Pony Friends 2 is a simulation game developed by Tantalus Media and published by Eidos Interactive for Nintendo DS, Wii, and Windows PC.

==Gameplay==
Ponies can be customized by players for all aspects of their appearance, trade horses with other players, and can train their horse for competition against other players in races and "pony trick championships" if they have a Nintendo DS or Nintendo Wii through "single cart play", which allows players with only one game cartridge to play multiplayer with friends. Twelve breeds of horse are available, and each different horse created has its own personality. The Nintendo DS version allows players to use the built in microphone to talk to their horse and have it respond to their voice. Accessories can also be chosen for the horse, and custom ones can also be created. Part of the simulation is also feeding and grooming the horse.

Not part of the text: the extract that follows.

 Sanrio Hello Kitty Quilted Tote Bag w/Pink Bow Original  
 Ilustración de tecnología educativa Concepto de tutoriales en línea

Players can also take the horse through various landscapes and trails, take screenshots of wildlife along the way, and unlock various hidden game content.

==Development==
The original Pony Friends was published by Eidos Interactive, but after its acquisition by Square Enix, the title was published under the new owners name. The game was first announced at Gamecom 2009 in a joint Eidos-Square Enix conference. Horse riding has been improved to become more intuitive compared to the original title. Mat Bettinson, Business Development Manager for Tantalus Media, commented on an article at gamindustry.biz related to game marketing versus reviews and their influence on game sales; he stated that publisher Eidos commissioned an ad for Pony Friends 2 and was of a very high quality, despite assertions in the article that "outsiders" to the gaming industry rarely made good advertisements.

==Reception==
Digital Spy compared the game unfavorably to other titles due for Christmas 2009, saying it was a very niche game geared only toward "six year old pony fanatics", and that others would find it boring.